Thursday, January 08, 2009
book review - Lines of Fate
This book was one of those finds in a charity shop that at first you are very please with. The blurb on the cover informs you that this won the first Russian equivalent of the Booker Prize so it is with high hopes you open the covers and delve inside. Mark Kharitonov is always in control of the experience and as a reader you never feel totally at ease in the world he describes nor did I ever really understand.
Maybe that is part of the point about this book – it is clearly meant to be difficult – with a cast of numerous characters spanning two different time lines. But in many places it was just too much like shooting fish in the dark and as a result sadly this review is probably lacking a great deal of astute comment.
What did emerge through the fog was the idea that a student was studying for his doctoral thesis but concentrating on the writings of an author who ended up living in exile.
The author not only lived in the wilderness but lacked some of the basic things like paper and resorted to writing on the back of candy wrappers, which were produced in the factory in the town he was staying in. Some of the thoughts put down on the wrappers are just single lines but they seem to speak to the student many years later.

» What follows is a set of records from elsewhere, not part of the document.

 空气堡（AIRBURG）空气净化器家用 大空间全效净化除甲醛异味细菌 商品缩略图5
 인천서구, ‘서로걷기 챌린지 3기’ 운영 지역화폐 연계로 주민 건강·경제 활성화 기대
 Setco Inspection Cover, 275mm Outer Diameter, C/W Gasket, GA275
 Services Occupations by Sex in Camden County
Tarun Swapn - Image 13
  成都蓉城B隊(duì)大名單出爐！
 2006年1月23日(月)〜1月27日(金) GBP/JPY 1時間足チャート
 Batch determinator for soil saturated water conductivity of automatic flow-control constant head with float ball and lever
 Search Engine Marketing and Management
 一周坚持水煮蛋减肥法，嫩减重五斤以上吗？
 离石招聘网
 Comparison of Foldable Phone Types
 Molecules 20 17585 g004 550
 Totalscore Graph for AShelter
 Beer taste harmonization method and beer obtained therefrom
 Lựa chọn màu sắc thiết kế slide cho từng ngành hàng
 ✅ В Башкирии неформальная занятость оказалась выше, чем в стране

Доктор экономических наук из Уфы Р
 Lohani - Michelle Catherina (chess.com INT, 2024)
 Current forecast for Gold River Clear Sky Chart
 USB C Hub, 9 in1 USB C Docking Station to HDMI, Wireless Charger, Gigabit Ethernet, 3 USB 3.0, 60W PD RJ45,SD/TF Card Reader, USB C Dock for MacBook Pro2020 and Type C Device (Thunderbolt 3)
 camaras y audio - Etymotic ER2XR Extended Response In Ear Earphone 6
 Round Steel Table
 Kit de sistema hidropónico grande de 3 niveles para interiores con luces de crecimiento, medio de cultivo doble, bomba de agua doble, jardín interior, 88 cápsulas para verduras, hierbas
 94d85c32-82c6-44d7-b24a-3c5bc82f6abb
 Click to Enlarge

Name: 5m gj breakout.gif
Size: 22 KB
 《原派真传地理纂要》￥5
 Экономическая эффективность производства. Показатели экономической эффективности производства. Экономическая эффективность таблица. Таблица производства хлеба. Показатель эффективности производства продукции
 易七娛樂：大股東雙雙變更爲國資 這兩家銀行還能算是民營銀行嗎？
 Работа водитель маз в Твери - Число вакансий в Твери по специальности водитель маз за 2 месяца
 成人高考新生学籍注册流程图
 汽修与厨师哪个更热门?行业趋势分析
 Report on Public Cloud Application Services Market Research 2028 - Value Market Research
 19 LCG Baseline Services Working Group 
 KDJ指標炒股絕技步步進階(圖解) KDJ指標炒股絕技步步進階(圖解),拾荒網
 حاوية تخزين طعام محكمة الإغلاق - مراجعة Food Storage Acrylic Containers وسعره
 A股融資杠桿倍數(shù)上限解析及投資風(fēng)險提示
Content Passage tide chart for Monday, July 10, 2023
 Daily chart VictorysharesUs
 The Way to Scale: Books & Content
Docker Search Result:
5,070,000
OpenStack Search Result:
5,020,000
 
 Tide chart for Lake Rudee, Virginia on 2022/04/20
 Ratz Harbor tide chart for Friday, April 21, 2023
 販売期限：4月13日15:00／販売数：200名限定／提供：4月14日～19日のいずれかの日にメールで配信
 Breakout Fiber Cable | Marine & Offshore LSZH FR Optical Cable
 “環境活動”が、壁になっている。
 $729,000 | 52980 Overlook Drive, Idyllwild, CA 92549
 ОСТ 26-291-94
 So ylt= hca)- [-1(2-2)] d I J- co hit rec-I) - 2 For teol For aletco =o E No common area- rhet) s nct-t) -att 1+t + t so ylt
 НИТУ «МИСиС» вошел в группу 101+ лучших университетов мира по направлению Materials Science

What also seems to speak to the student is the sense of political doom that the author predicted would happen and did indeed shatter his world as the factory was closed and the estate connected with it looted and destroyed.
But in-between those moments of clarity there are meetings both in the past and present with academics and publishers that meet and influence and try to exploit both author and student. But what they also have in common seems to be a failed love affair that ends with the woman disappearing into the mists of time.
The problem with the book is that it just never gets any easier and even at the 200 page mark you are left flummoxed. I know that there is a larger debate about whether or not literature should be difficult and challenging for the reader but there is also something about it being enjoyable.
I am happy to admit that my reading is not as deep and as wide as I would like and neither is the memory that good (hence why I write things down here to remember) but for me this was one of the most difficult reads of last year.